Para relatar suas experiências, o participante 3 utilizou palavras, frases simples que, embora com trocas fonológicas, eram passiveis de serem entendidas. Quando não era compreendido por meio da expressão oral, empregou os sistemas gráficos de seu recurso de apoio. Deliberato (2009) identificou o uso de habilidades orais verbais e não verbais usados por um aluno com paralisia cerebral, durante a intervenção fonoaudiológica, ante o uso de recursos de comunicação suplementar e alternativa, como a prancha de símbolos pictográficos. A implementação dos sistemas gráficos pode permitir às crianças e jovens com alterações neuromotoras o acesso à linguagem e, desse modo, incentivar o desenvolvimento

de diferentes habilidades expressivas, como a própria fala (ROTHSCHILD; NORRIS, 2001). Ainda examinando os dados dos três participante, quanto ao relato de rotina diária, nota-se que eles apresentaram um desempenho de pontuação máxima estabelecida para essa atividade, provavelmente em virtude das barreiras comunicativas que enfrentam, durante essa rotina: falta de vocabulário para temas específicos, falta de interlocutores capacitados, falta de recursos adaptados às especificidades motoras e perceptivas (HIGGINBOTHAM et al., 2007). Os dados identificados nesta pesquisa corroboram os de Waller et al. (2006), tendo em vista que os usuários de comunicação suplementar e alternativa, nas atividades que envolvem a narração, enfrentam as barreiras comunicativas, decorrentes do pouco acesso a atividades que ensinem as narrativas pessoais, pois muitas vezes os recursos disponíveis não são suficientes para auxiliá-los nas atividades que envolvam a atividade de narrar. Para os mesmos autores, a restrição da capacidade de narrar dos usuários do recurso de comunicação suplementar e alternativa pode estar correlacionada ao fato de que esse processo requer um desenvolvimento da habilidade pragmática (saber o que dizer e como estruturar a sequência dos enunciados) e também uma habilidade operacional (capacidade de localizar os símbolos gráficos, para a construção de frases).
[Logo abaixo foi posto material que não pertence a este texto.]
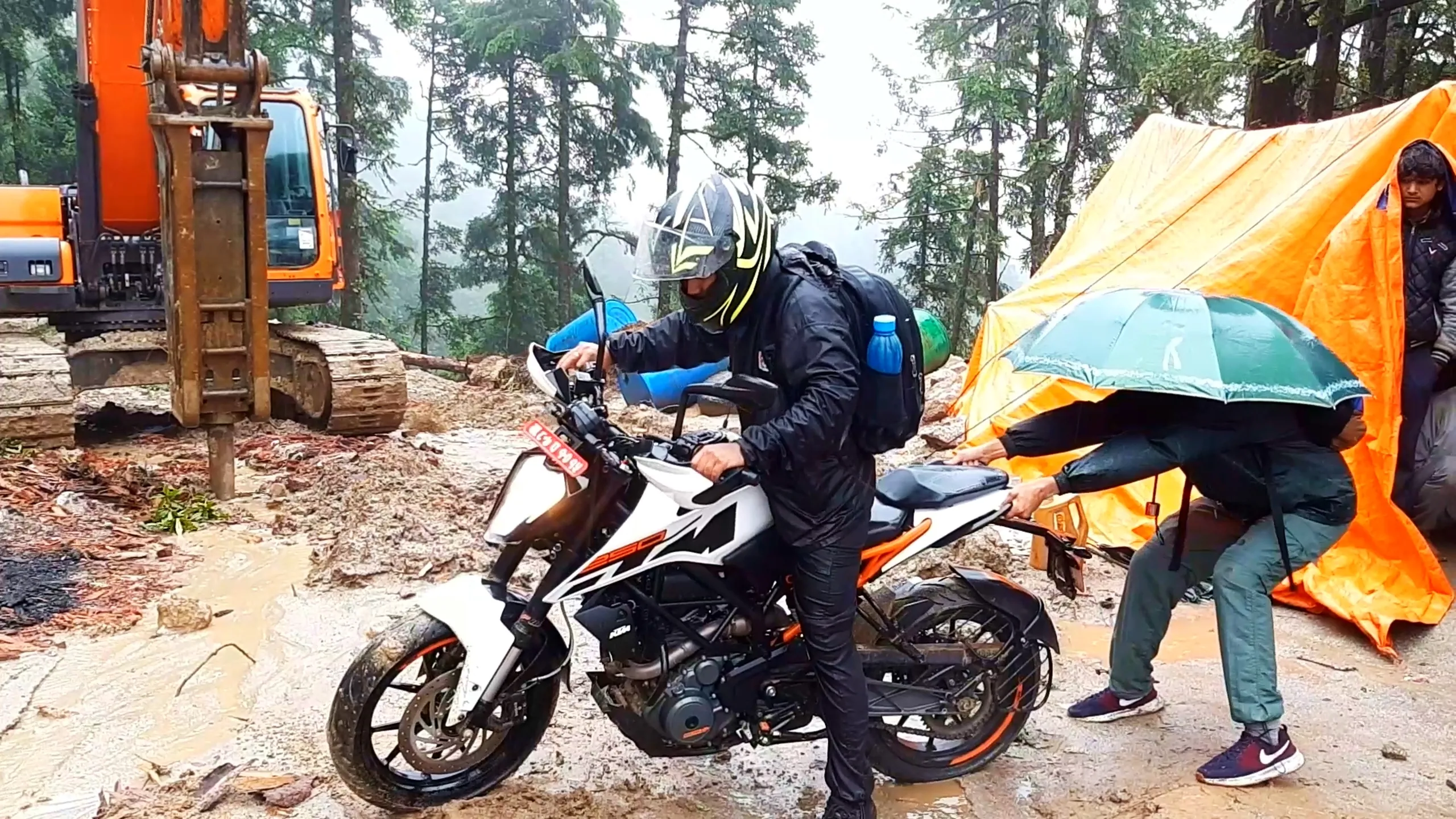 Action photo of a man wearing a black and yellow graphic motorcycle helmet, black riding jacket, and grey backpack with water bottle, mounting a white and black KTM Duke 250 motorcycle with orange accents and a red Nepali number plate, parked on a muddy clearing near excavator construction machinery. Beside him, another hiker holding a green umbrella reaches toward the motorbike's rear seat, with an orange tent visible on the right and another person partially visible near the tent entrance. Tall pine trees and grey overcast sky fill the background. This captures preparing to ride out from the Bethanchowk forest campsite, Nepal motorbike trekking departure, Himalayan adventure motorcycle gear, off-road KTM Duke trekking Kathmandu hills.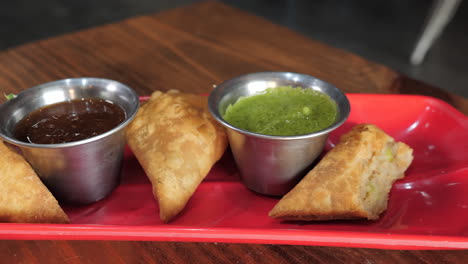 Samosas-dipped-in-cilantro-chutney-served-with-tamarind-chutney-on-red-plate,-slider-slow-motion-close-up-HD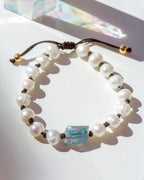 Pearl bracelet with a blue crystal bead on a white surface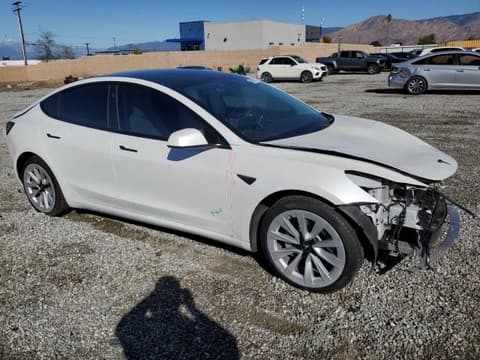 2021 Tesla Model 3, VIN 5YJ3E1EB4MF015669. Фото 4 з 6 з аукціону Copart. Каталог авто зі США OpenDataCar.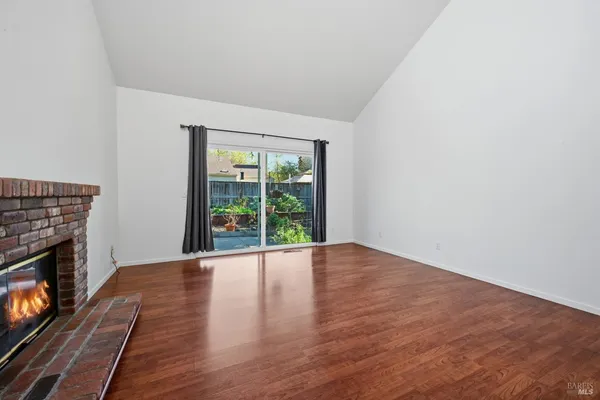 a view of an empty room with wooden floor and a fire place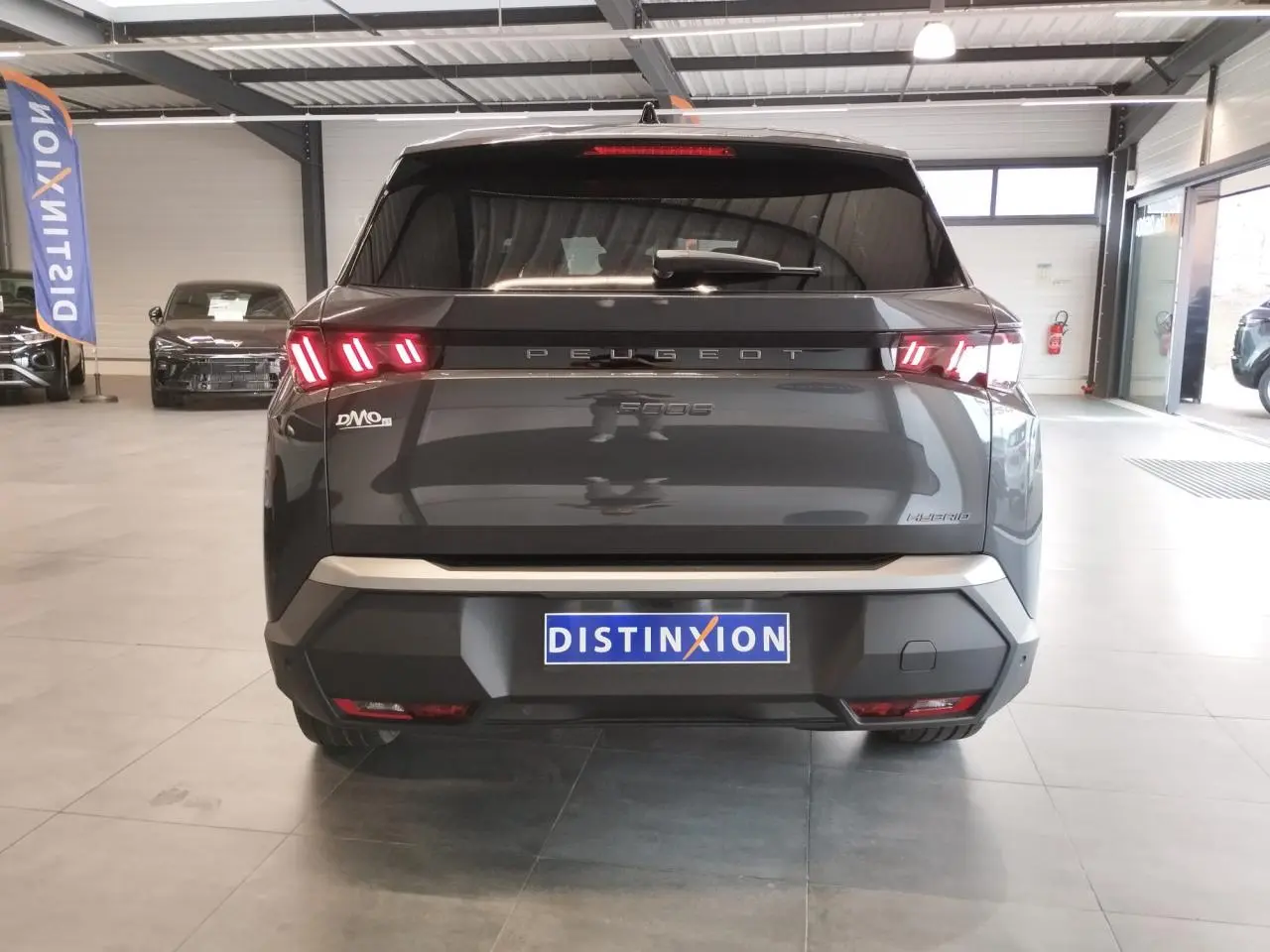 Vue arrière d’un Peugeot 5008 gris titanium avec feux arrière LED 3 griffes allumés en showroom.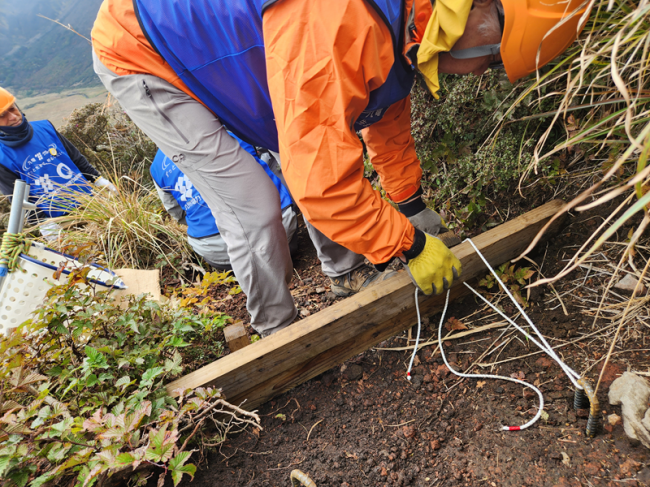 新工法(タイバックアンカー工法)による水切り板の設置作業①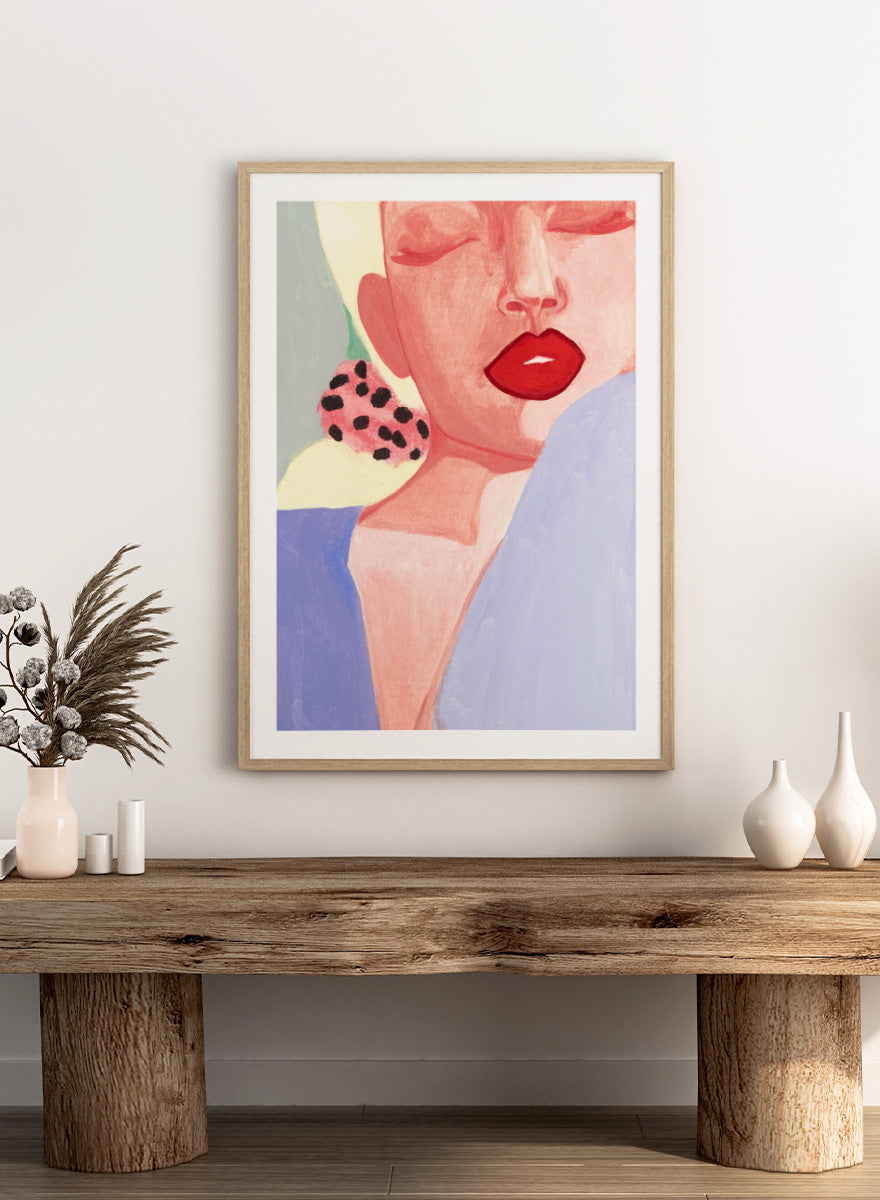Shop Red Lips by Sophia Novosel, a modern woman portrait wall art print poster featuring bold red lips, closed eyes, soft pink tones, and a spotted earring.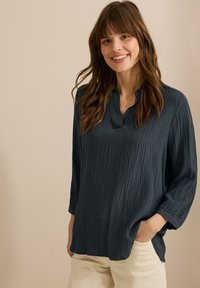 Mörkblå blus med textur, V-ringning och ärmar i 3/4 längd, med en lös passform och framträdande vertikala linjer.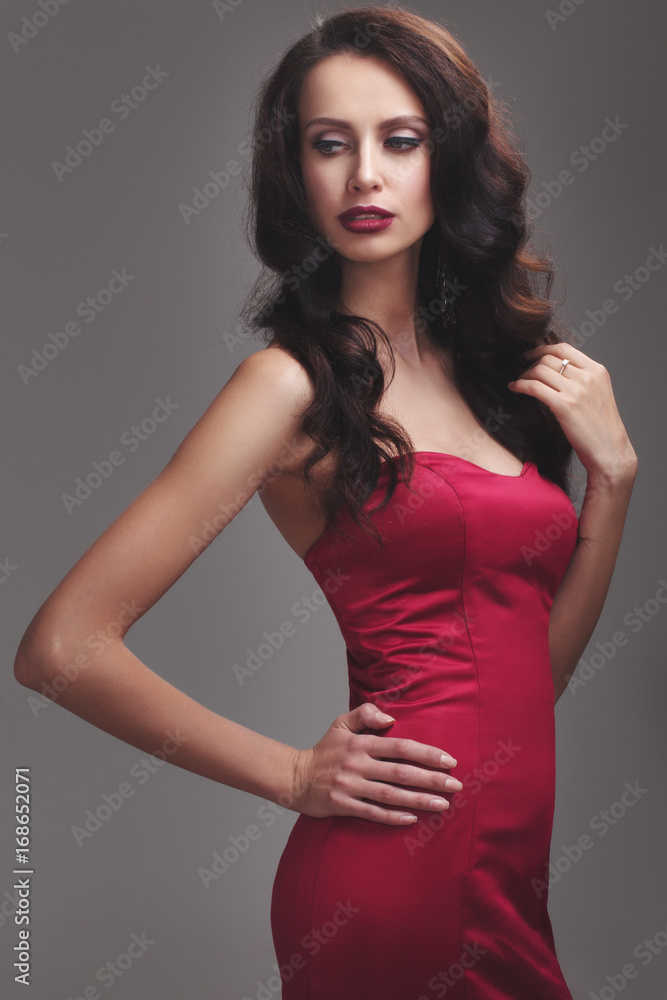 Fototapeta premium girl in a red dress.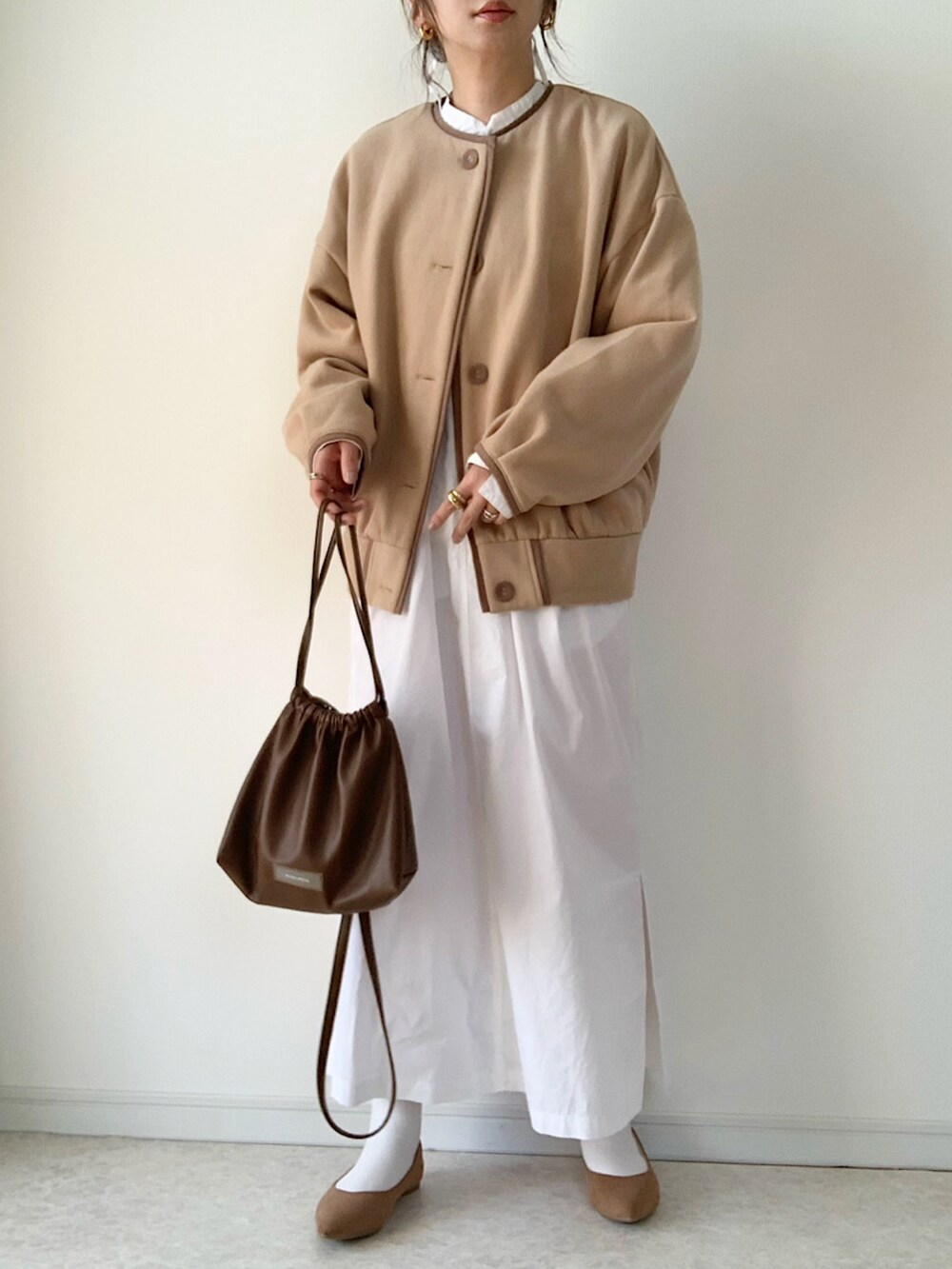 ベージュ系のカーディガン/ボレロ、ブラック系のTシャツ/カットソー、ホワイト系のデニムパンツを着用したレディースの秋コーディネートの3枚目の写真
O programa de intervenção foi finalizado na oitava sessão e, a partir da 9ª sessão e nas duas consecutivas, pôde-se observar que os participantes conseguiram manter habilidades aprendidas durante a intervenção, embora com menor pontuação no que concerne às sessões de intervenção, mas com maior pontuação, em relação à linha de base, com exceção da participante 2, cuja pontuação, nas sessões de follow up, foi semelhante à pontuação da linha de base. Isso pode estar vinculado à necessidade de apoio e atenção que essa participante solicita, nas diferentes atividades realizadas: é uma criança de pouco contato com diferentes interlocutores, porque, além das terapeutas, a criança tem contato somente com as crianças da classe especial.